Figures just in for the first quarter of 2023, indicate that 80 incidents involving personal injury and/or property damage were caused by personal mobility vehicles.

So far scooters have accounted for 43 accidents, compared to 37 incidents involving cyclists. And, during May and August last year over 20 accidents per month were recorded.

At the moment Malaga makes concessions to six rental scooter companies: Lime, Bird, Link, Dott, Bolt and Tier, with each operating 225 personal mobility vehicles (PMVs).

The City Council is currently trying to legislate for just one firm to operate micro-mobility in the city, as well as allowing the circulation and parking of 350 electric bicycles from Dolt and Bolt respectively.

The City Council has banned the use of this type of vehicle on pavements and pedestrian areas. Scooter rental companies are obliged to deactivate the vehicles telematically by means of a geolocation system when any of them enters a restricted area.
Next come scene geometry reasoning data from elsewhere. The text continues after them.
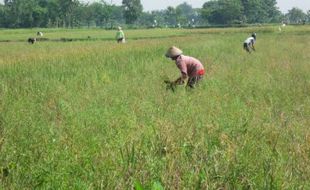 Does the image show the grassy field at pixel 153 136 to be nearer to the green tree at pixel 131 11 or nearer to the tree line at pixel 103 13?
the tree line at pixel 103 13

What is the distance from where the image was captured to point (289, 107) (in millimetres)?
7238

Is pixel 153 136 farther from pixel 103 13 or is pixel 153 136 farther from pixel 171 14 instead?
pixel 171 14

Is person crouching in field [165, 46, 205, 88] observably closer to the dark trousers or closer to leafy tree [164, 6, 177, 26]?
the dark trousers

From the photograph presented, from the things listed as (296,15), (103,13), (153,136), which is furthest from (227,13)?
(153,136)

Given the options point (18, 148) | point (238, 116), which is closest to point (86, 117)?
point (18, 148)

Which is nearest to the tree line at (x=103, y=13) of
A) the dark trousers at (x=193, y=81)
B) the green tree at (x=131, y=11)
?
the green tree at (x=131, y=11)

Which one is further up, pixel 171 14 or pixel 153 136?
pixel 171 14

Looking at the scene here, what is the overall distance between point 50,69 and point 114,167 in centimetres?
856

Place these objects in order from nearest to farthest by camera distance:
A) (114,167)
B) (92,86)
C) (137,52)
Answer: (114,167), (92,86), (137,52)

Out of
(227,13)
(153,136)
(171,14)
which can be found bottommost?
(153,136)

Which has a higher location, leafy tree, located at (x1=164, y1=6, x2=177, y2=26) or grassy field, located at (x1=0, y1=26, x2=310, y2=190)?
leafy tree, located at (x1=164, y1=6, x2=177, y2=26)

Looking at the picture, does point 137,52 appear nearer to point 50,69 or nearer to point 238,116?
point 50,69

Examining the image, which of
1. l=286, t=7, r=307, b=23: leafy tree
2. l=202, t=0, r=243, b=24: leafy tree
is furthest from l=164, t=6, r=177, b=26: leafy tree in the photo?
l=286, t=7, r=307, b=23: leafy tree

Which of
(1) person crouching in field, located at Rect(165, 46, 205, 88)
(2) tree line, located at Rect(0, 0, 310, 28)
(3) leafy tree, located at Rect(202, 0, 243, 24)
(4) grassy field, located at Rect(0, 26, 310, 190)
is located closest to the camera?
(4) grassy field, located at Rect(0, 26, 310, 190) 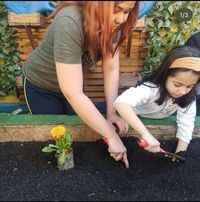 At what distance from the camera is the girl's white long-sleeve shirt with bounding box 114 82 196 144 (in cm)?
143

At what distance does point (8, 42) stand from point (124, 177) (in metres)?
1.36

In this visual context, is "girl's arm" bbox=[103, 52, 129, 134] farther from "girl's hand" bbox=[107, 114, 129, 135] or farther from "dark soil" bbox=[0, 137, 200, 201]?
"dark soil" bbox=[0, 137, 200, 201]

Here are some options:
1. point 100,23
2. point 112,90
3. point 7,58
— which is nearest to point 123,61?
point 7,58

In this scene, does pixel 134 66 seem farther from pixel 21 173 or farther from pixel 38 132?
pixel 21 173

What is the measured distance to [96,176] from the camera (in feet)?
4.33

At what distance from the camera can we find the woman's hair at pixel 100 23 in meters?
0.83

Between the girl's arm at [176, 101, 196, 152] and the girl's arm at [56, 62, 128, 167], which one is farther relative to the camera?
the girl's arm at [176, 101, 196, 152]

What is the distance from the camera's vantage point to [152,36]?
2.16m

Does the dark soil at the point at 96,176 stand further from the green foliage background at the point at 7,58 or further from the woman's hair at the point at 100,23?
the green foliage background at the point at 7,58

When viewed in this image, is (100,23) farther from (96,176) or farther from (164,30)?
(164,30)

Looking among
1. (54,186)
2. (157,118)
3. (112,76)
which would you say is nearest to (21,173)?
(54,186)

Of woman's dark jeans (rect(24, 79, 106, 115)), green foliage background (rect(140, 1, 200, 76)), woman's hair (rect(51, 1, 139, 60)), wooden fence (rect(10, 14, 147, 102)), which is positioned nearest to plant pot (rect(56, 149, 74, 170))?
woman's dark jeans (rect(24, 79, 106, 115))

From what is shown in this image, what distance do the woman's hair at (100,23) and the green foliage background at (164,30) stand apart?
39.3 inches

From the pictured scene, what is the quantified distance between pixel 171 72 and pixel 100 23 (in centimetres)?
58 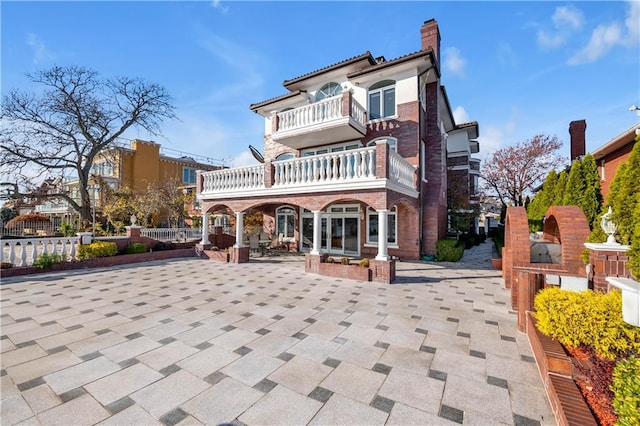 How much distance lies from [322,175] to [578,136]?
16867mm

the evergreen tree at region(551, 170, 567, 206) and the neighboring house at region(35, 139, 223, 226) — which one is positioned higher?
the neighboring house at region(35, 139, 223, 226)

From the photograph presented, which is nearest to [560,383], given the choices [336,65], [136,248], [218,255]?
[218,255]

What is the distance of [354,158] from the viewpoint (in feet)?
31.6

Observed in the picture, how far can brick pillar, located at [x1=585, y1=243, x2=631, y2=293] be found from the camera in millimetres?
4438

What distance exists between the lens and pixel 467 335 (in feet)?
15.4

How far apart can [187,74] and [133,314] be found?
30.8ft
According to a Study on road safety in cities published on Monday by the company Midas, Malaga is the second most unsafe large Spanish capital for driving a scooter or electric bicycle.

The report stated that in Malaga, 76.5% of citizens, believe it is unsafe to drive with these vehicles, the second worst result in the country behind Madrid (80.9%). The third worst is Murcia with 71%.

The people of Malaga that were surveyed believe that the capital is neither safe nor well-adapted for electric scooters.

Regulations require that scooters are to be driven on the road like other vehicles, and this creates a feeling of danger both for the scooter driver and for those driving a car or lorry. Fortunately, so far, no serious accidents have been reported in Malaga.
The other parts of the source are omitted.